Dwie wcześniejsze korekty spadkowe trwającego od lutego trendu zwyżkowego zabrały indeksowi WIG po ok. 8,5 proc. Na tym tle ostatnie spadki nie wyglądają groźnie. W najgorszym momencie sięgały 6 proc., a w cenach zamknięcia nie przekroczyły 5 proc. Trzeba się jednak liczyć z tym, że dołek zostanie pogłębiony. Piątkowa sesja wyglądała raczej na ruch powrotny do sierpniowej górki, niż na zapowiedź powrotu dobrej passy.
Gdyby miał się spełnić niekorzystny scenariusz i WIG spadłby od ostatniego szczytu o 8,5 proc., to znalazłby się na wysokości 36,8 tys. pkt. To zaś oznaczałoby powrót do poziomu z 21 września, czyli sprzed 6 tygodni. Czerwcowy spadek sprowadził WIG do poziomu, jaki miał 3 tygodnie wcześniej, a przecena z przełomu sierpnia i września sprowadziła indeks do wartości notowanych 2 tygodnie wcześniej.
Te porównania mają nie tylko statystyczny wymiar. Chodzi w nich przede wszystkim o uchwycenie nawisu potencjalnej podaży od tych, którzy tracą w danym momencie na akcjach i mogą decydować się na ucinanie tych strat. Im ta grupa jest większa, tym większe jest ryzyko utrwalenia zniżek. Aktualnie sytuacja pod tym względem nie budzi jeszcze niepokoju.
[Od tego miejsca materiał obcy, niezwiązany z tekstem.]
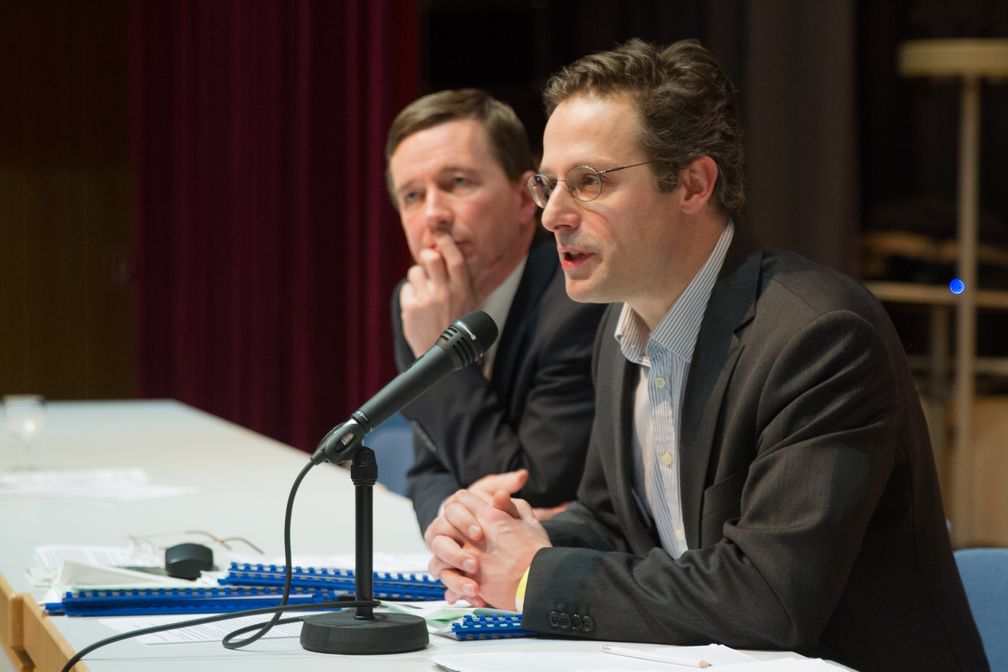 Marcus Pretzell (r.) mit Bernd Lucke (2015)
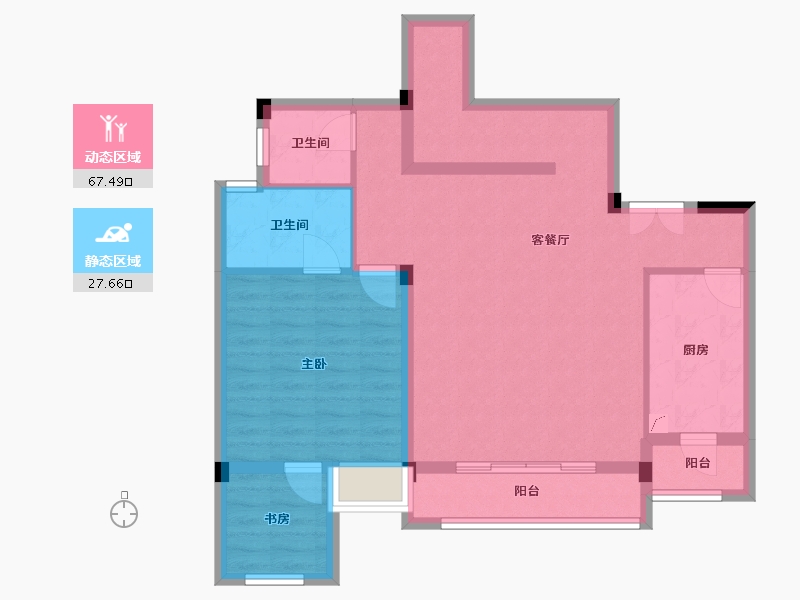 贵州省-黔西南布依族苗族自治州-梧桐郡北区-180.52-户型库-动静分区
Jednak gdyby wzorem poprzednich korekt spadek był kontynuowany przynajmniej do poziomu 8,5 proc. poniżej ostatniego szczytu, to sytuacja zaczęłaby wyglądać niepokojąco. Techniczny obraz rynku uzupełniają zbliżający się do średniej tygodniowy MACD oraz przebiegająca na wysokości 37,4 tys. pkt 3-miesięczna średnia krocząca. Spadek MACD poniżej średniej byłby silnym sygnałem sprzedaży. Od końca 2008 r. wskaźnik znajduje się powyżej niej. Natomiast 3-miesięczna średnia powstrzymała zniżki w połowie tego roku, wcześniej bardzo dobrze sprawdzała się też w trakcie bessy.